Which patient at term should proceed to the hospital or birth center the immediately after labor begins?
- A. Gravida 2, para 1, who lives 10 minutes away
- B. Gravida 1, para 0, who lives 40 minutes away
- C. Gravida 2, para 1, whose first labor lasted 16 hours
- D. Gravida 3, para 2, whose longest previous labor was 4 hours
Correct Answer: D
Rationale: The correct answer is D because the patient is gravida 3, para 2, with a history of the shortest previous labor of 4 hours. This indicates a high likelihood of rapid labor progression, necessitating immediate hospital or birth center access to ensure timely delivery. Choice A lives 10 minutes away, which may not be enough time in case of rapid labor. Choice B, living 40 minutes away, poses a risk of delivering en route. Choice C's previous labor duration of 16 hours suggests a longer labor, making immediate hospital arrival less critical.
What would the nurse administer if the newborn has decreased or no respiratory effort at delivery after the person received an opiate?
- A. naloxone (Narcan)
- B. acetaminophen (Tylenol)
- C. oxygen
- D. sodium bicarbonate
Correct Answer: A
Rationale: The correct answer is A: naloxone (Narcan). If a newborn has decreased or no respiratory effort after the mother received an opiate, it indicates potential opiate toxicity in the newborn. Naloxone is an opioid antagonist that can reverse the effects of opiates, including respiratory depression. Administering naloxone can help stimulate the newborn's respiratory effort, promoting adequate oxygenation.
Summary:
- A: Naloxone is the correct answer as it reverses opiate effects.

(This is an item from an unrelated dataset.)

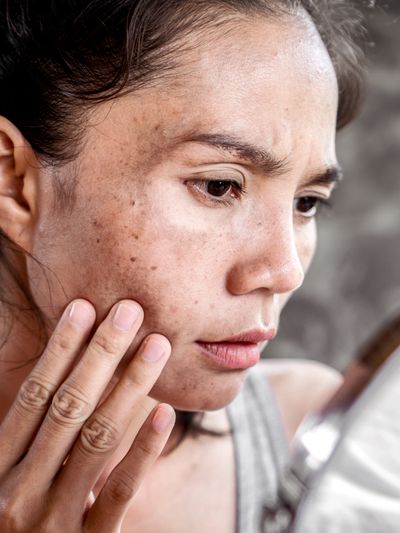 Rehausser le teint, améliorer la texture et la clarté de la peau.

- B: Acetaminophen is a pain reliever and does not address respiratory depression.
- C: Oxygen may help with oxygenation but does not address the underlying opiate toxicity.

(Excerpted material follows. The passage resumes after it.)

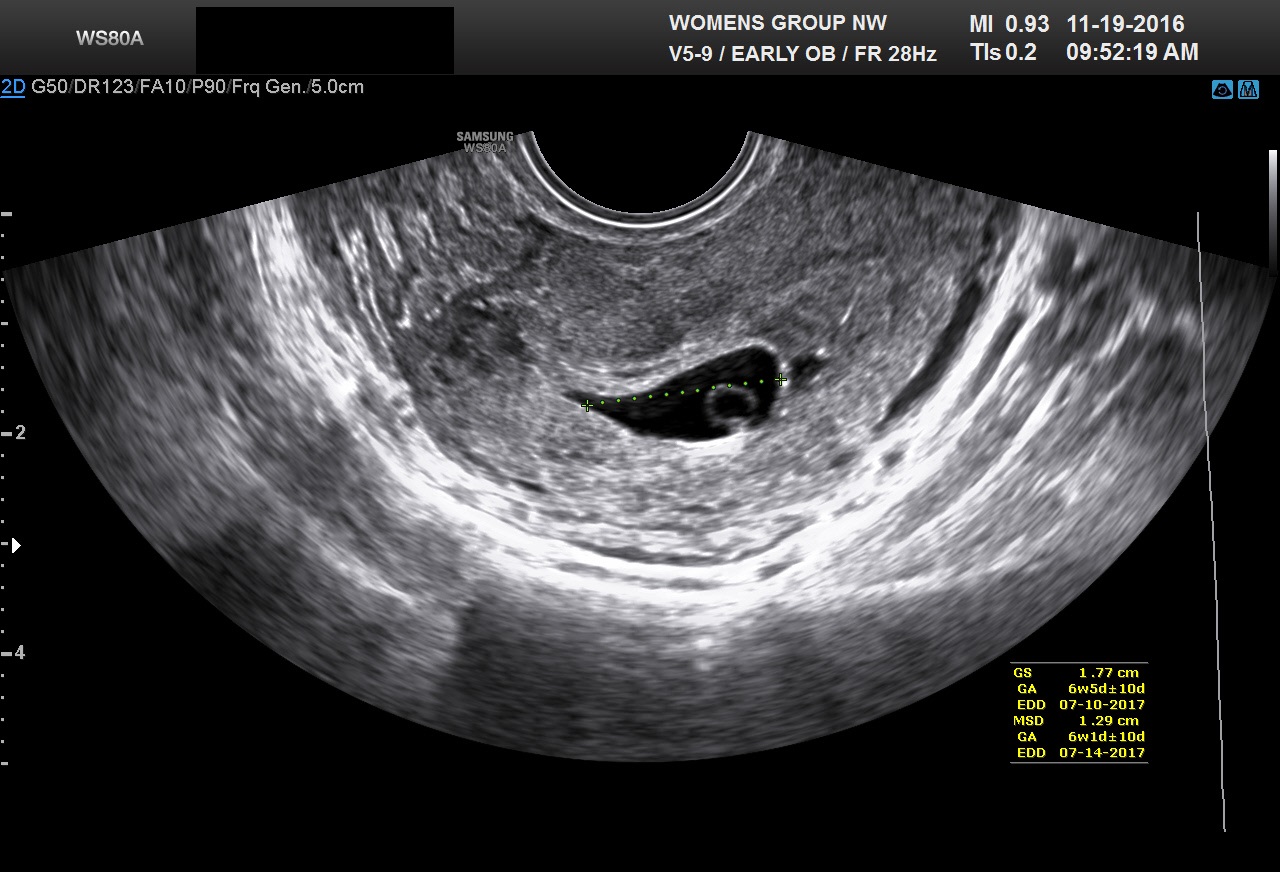 Mean Sac Diameter Chart - Ponasa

- D: Sodium bicarbonate is used to treat acid-base imbalances and does not address opiate toxicity or respiratory depression.
The nurse is reviewing the cardinal maneuvers of labor and birth with a group of nursing students. Which maneuver will immediately follow the birth of the baby's head?
- A. Expulsion
- B. Restitution
- C. Internal rotation
- D. External rotation
Correct Answer: A
Rationale: After the baby's head is born, the immediate next step is the expulsion of the baby's body. This is because the expulsion maneuver refers to the delivery of the rest of the baby's body following the birth of the head. Restitution, internal rotation, and external rotation occur before the birth of the baby's head and are part of the cardinal movements of labor and birth. Restitution involves the realignment of the baby's head with their body after the head is born. Internal rotation refers to the baby's head turning to navigate through the birth canal. External rotation involves the baby's head turning back to its original position after delivery. So, the correct answer is A (Expulsion), as it directly follows the birth of the baby's head.

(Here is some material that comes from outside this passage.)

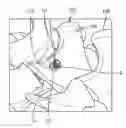 Fig. 01 - Facet screw and method for spinal stabilization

If a woman's fundus is soft 30 minutes after birth, the nurse's first action should be to
- A. massage the fundus.
- B. take the blood pressure
- C. increase blood supply to the hands and feet.
- D. notify the physician or nurse-midwif
Correct Answer: A
Rationale: The correct answer is A: massage the fundus. After childbirth, a soft fundus indicates uterine atony, which can lead to postpartum hemorrhage. Massaging the fundus helps stimulate contractions and reduce bleeding, promoting uterine tone. This intervention is crucial in preventing complications. Taking blood pressure (B) is important but not the priority in this situation. Increasing blood supply to the hands and feet (C) is not relevant to addressing uterine atony. Notifying the physician or nurse-midwife (D) can be done after initiating immediate intervention to manage the soft fundus.